───── Record set ─────

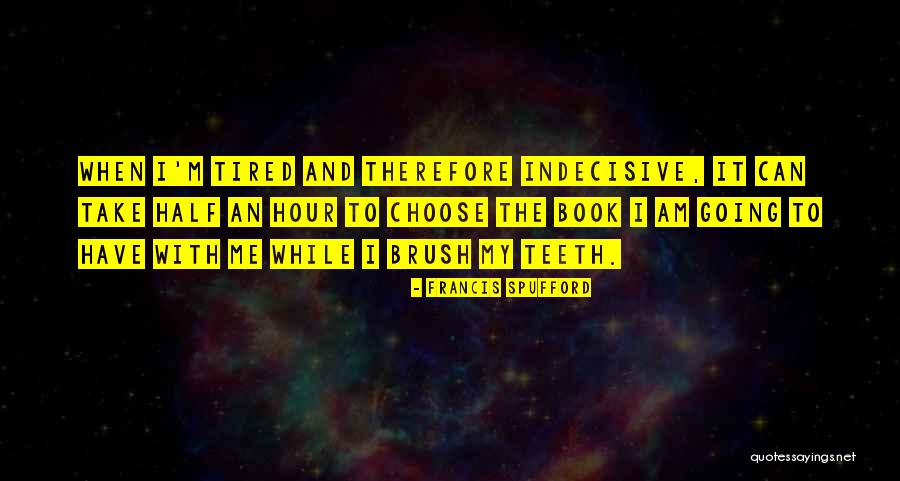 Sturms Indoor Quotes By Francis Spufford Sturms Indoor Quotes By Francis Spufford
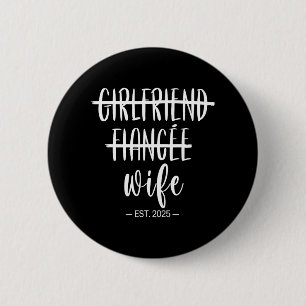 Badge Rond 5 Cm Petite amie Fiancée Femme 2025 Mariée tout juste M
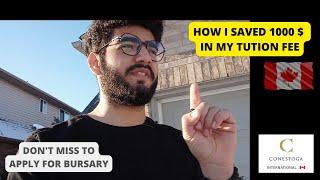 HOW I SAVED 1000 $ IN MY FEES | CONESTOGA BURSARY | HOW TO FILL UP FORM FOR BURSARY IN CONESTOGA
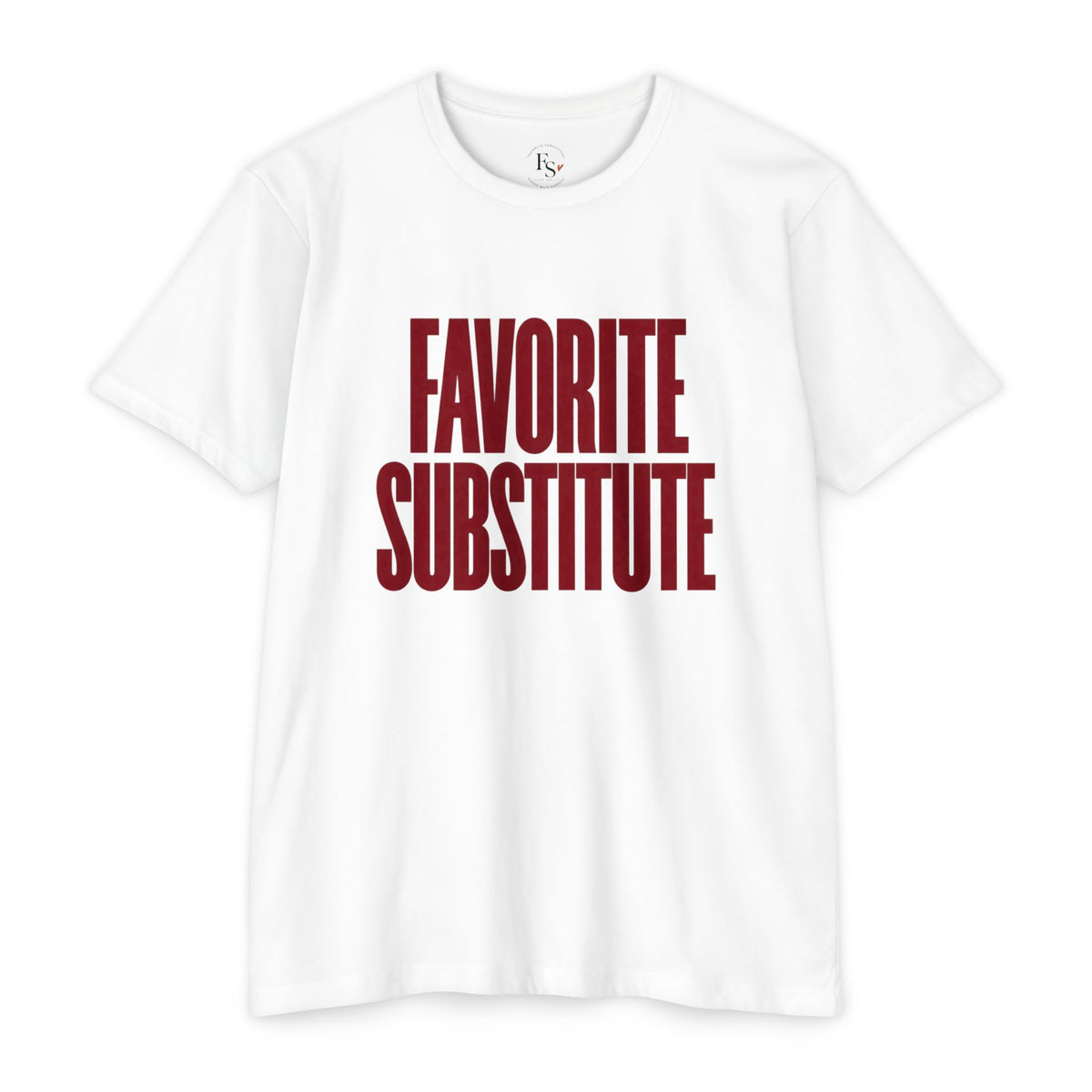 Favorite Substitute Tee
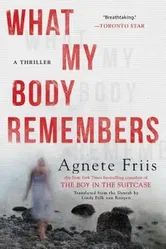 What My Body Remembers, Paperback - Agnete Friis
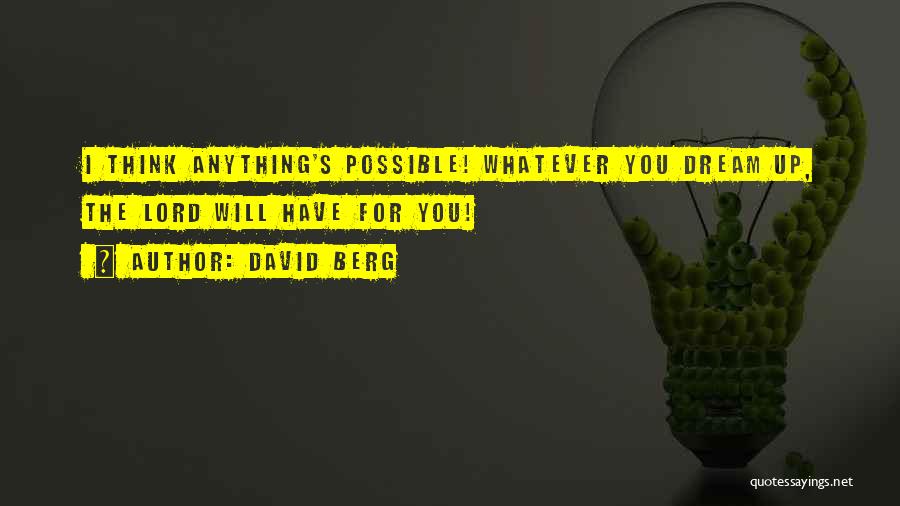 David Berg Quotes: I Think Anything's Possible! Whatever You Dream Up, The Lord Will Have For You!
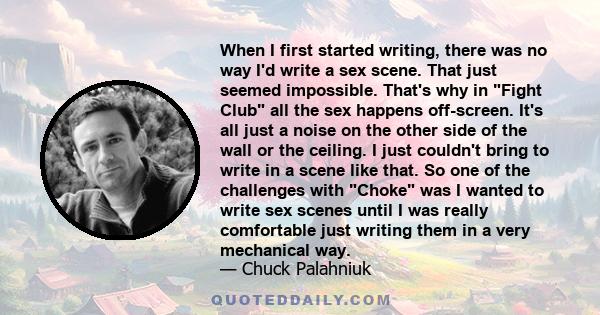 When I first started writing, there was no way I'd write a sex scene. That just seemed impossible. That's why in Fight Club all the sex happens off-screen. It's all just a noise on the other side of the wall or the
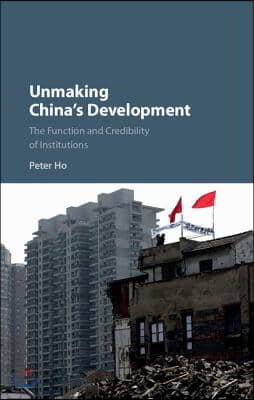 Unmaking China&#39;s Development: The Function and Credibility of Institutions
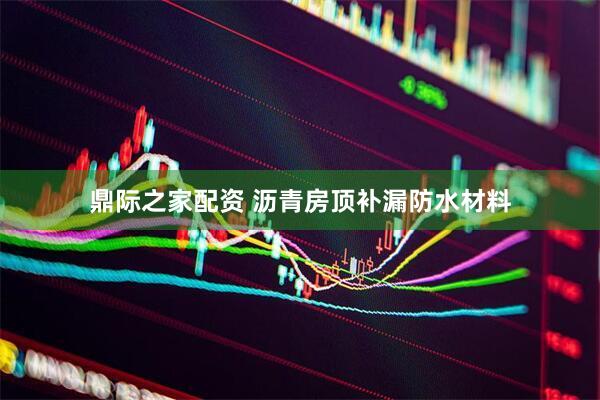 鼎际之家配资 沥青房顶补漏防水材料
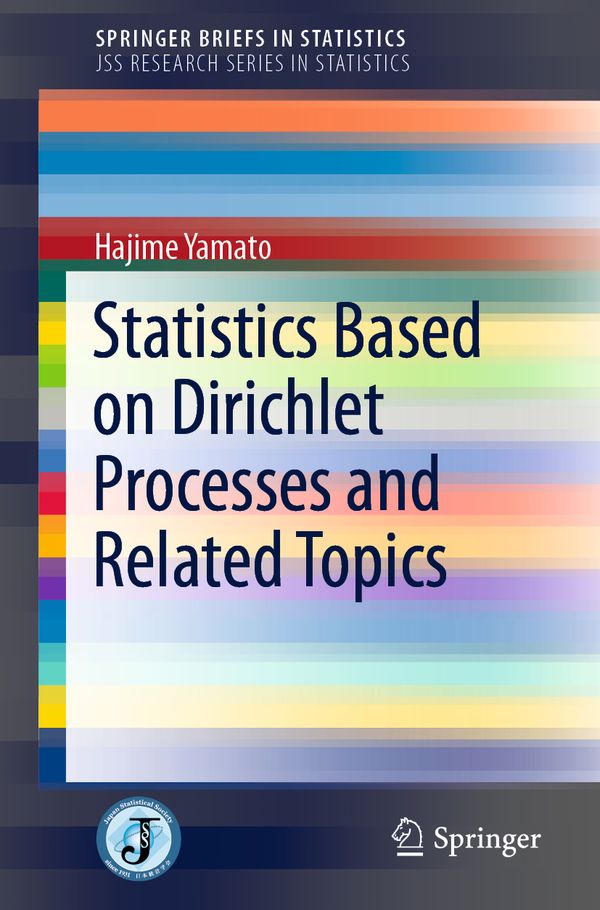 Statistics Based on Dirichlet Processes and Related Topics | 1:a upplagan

─────

▶ **Task goal**
Emit the lines of the material exactly, from its first line to the line containing "HOW I SAVED", inclusive; leave every picture out.

▶ **Task response**
 Sturms Indoor Quotes By Francis Spufford Sturms Indoor Quotes By Francis Spufford
 Badge Rond 5 Cm Petite amie Fiancée Femme 2025 Mariée tout juste M
 HOW I SAVED 1000 $ IN MY FEES | CONESTOGA BURSARY | HOW TO FILL UP FORM FOR BURSARY IN CONESTOGA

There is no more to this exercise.